If you've been putting off rebuilding your portfolio because it feels like a weekend project that always gets pushed to the following month, I understand. Mine sat on Vue 2 and CosmicJS for years. It still worked, but it carried the kind of technical debt that makes you hesitate every time someone asks for the repository.
This is the story of how I finally rebuilt it from scratch, why I made certain architectural decisions, and why I ended up open-sourcing it as a reusable Nuxt 4 + Strapi portfolio starter.
The Problem With Most Developer Portfolios
Here's a pattern I've noticed: developers spend a lot of energy on the initial build, then abandon the thing entirely. The portfolio accumulates outdated tech, unmaintained dependencies, and content that no longer reflects who they are.

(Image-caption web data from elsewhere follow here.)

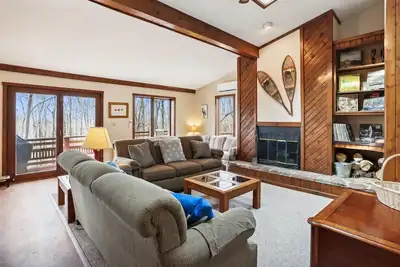 Image de Little Owl Lodge offers affordable and private Canaan Valley lodging!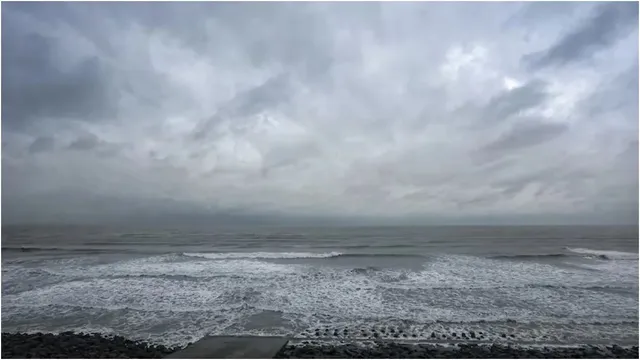 cyclone-ditwah-update-how-will-storm-from-bay-of-bengal-impact-delhi-up-bihar-weather-forecast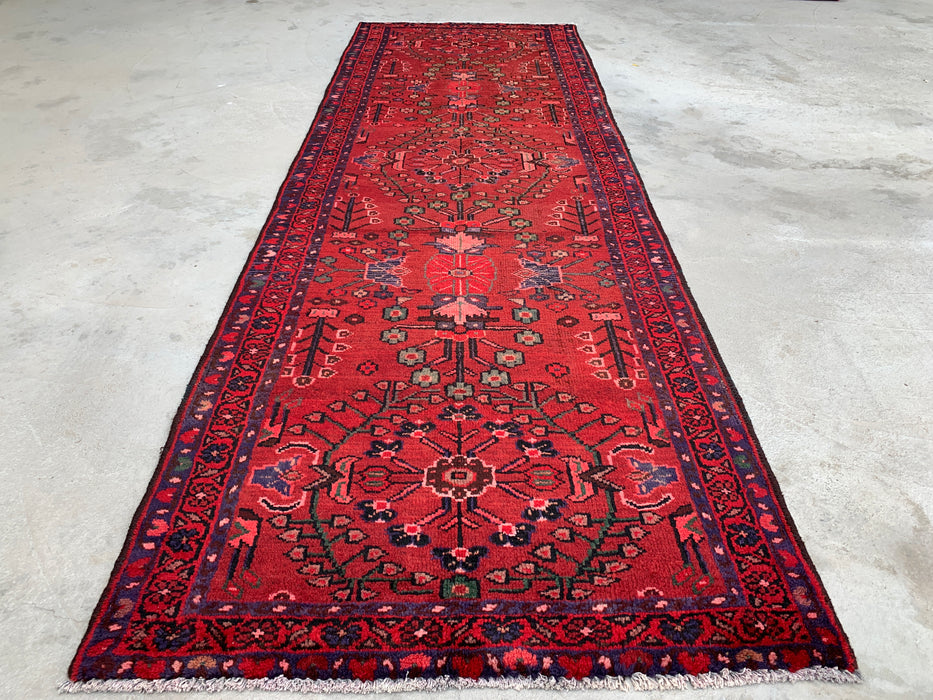 10'2 x 3'5 Handgeknoopt Perzisch wollen loperkleed in rood, marineblauw en roze met traditioneel bloemendesign | KBHM-1070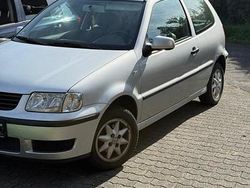Silber Gebraucht 2001 VW Polo Kleinwagen | 990 € (Fairer Preis)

The reasons are usually the same:
- No CMS — updating content requires a code change, a commit, a deploy. That friction kills momentum.
- Outdated stack — Vue 2, Create React App, Gatsby v2, Jekyll. Not inherently bad, but try explaining that to a recruiter who opens DevTools.
- Poor SEO baseline — client-side rendered apps with no server-rendered meta tags, missing OG images, no sitemap. Google does eventually figure it out, but you're fighting it rather than working with it.
- Hard to reuse — most portfolios are so tightly coupled to the original author's content that forking one means untangling dozens of hardcoded strings and personal data.
My old portfolio (github.com/hbollon/portfolio-vuejs) was a good project at the time. Vue 2, CosmicJS as the CMS. It worked. But every time I wanted to update my bio or add a new project, I found myself doing more than I wanted to do just to push a change. And the codebase had grown organically in ways that made it uncomfortable to share.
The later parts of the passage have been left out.